Critique nigériane et littérature africaine

CRITIQUE LITTERAIRE ET LITTERATURE AFRICAINE

Ethiopiques n°48-49

revue trimestrielle

de culture négro-africaine

Hommage à Léopold Sédar Senghor

Spécial les métiers du livres

1e et 2e trimestre 1988

– volume 5 n°1-2

Il y a deux façons d’aborder la critique littéraire. Il y a la critique comme savoir (Macherey) qui ressort de l’application des différentes méthodes critiques aux œuvres littéraires et l’on sait que les écoles se sont aujourd’hui multipliées et vont de la critique structurale à la psychocritique, en passant par la sémiotique, la sociocritique, voire l’ethno-critique. – Toutes ces méthodes sont « rentables » à condition de les manipuler de façon cohérente et complète. L’amateurisme, là comme ailleurs, ne produisant que de l’à-peu-près. Aussi chacun de nous a intérêt à se spécialiser dans une ou deux méthodes et à l’approfondir, vu qu’il est quasi impossible de les manipuler toutes avec suffisamment de rectitude.

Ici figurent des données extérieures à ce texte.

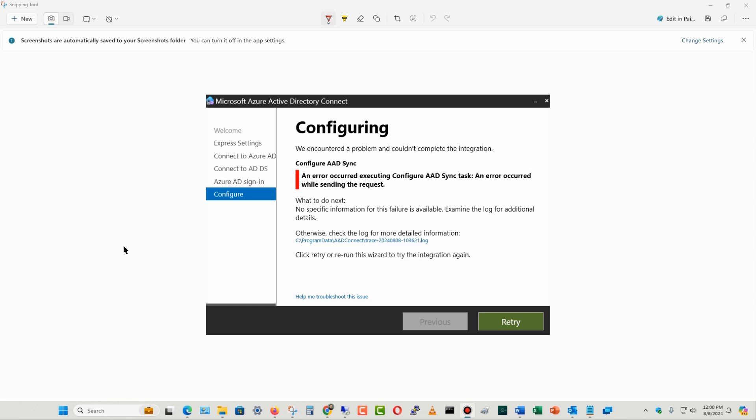If your synchronization with Azure AD Sync or AD Connect, also known as EntraID Connect, stops working, it's because Microsoft has suddenly decided to enforce TLS 1.2.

Pour ma part je ne traiterai que de la deuxième définition de la critique, celle qui relève de son étymologie, le mot critein en grec signifiant discerner. Car nous sommes très souvent appelés à ce travail de discernement, de jugement, sur la qualité des œuvres, avant même de passer à leur analyse qui n’est que la seconde étape de la critique.

En effet une œuvre jugée « mauvaise » sera repoussée et considérée non digne d’une quelconque analyse par quelque méthode que ce soit ! Cela peut sembler bien injuste à l’écrivain et pourtant c’est comme cela. Le pouvoir du critique (c’est le seul qu’il a) est un pouvoir de consécration… ou de rejet, de discrédit. Et pourtant, dira-t-on, aucun rapport entre l’activité de l’écrivain et l’activité du critique. Le premier est tout en spontanéité, en création, en fusion avec le monde qui l’entoure ; le second est tout en réflexion, spéculation, distanciation.

Comme l’écrit si bien Macherey, le critique est un écrivain qui ajourne constamment « l’acte d’écrire » ; c’est-à-dire l’acte de se risquer dans l’aventure littéraire, tel le toréador dans l’arène. Ce côté « risque de soi », ce côté « corne du taureau » par lequel l’écrivain s’implique dans son œuvre, nul ne l’a si bien exprimé que Michel Leiris dans L’âge d’Homme.

Et certes le critique, en comparaison, est à l’abri. C’est lui ou son clan qui juge les autres. Il représente le public qui hue ou applaudit, bien à l’abri derrière les tribunes.

Il y a déjà donc là une inégalité notoire dans l’attitude existentielle. Littérature et critique sont aussi inégales en valeur. Tout d’abord la création précède toujours la critique – et doit du reste la précéder. Rien de plus mauvais qu’une oeuvre qui obéit à la critique, aux dictats quels qu’ils soient des critiques. Quel est l’écrivain notoire qui serait un « produit » de la critique ? Toute l’histoire nous montre en effet que les grands écrivains sont en rupture des modes et s’imposent à une critique d’abord réticente, qui finit pour les reconnaître.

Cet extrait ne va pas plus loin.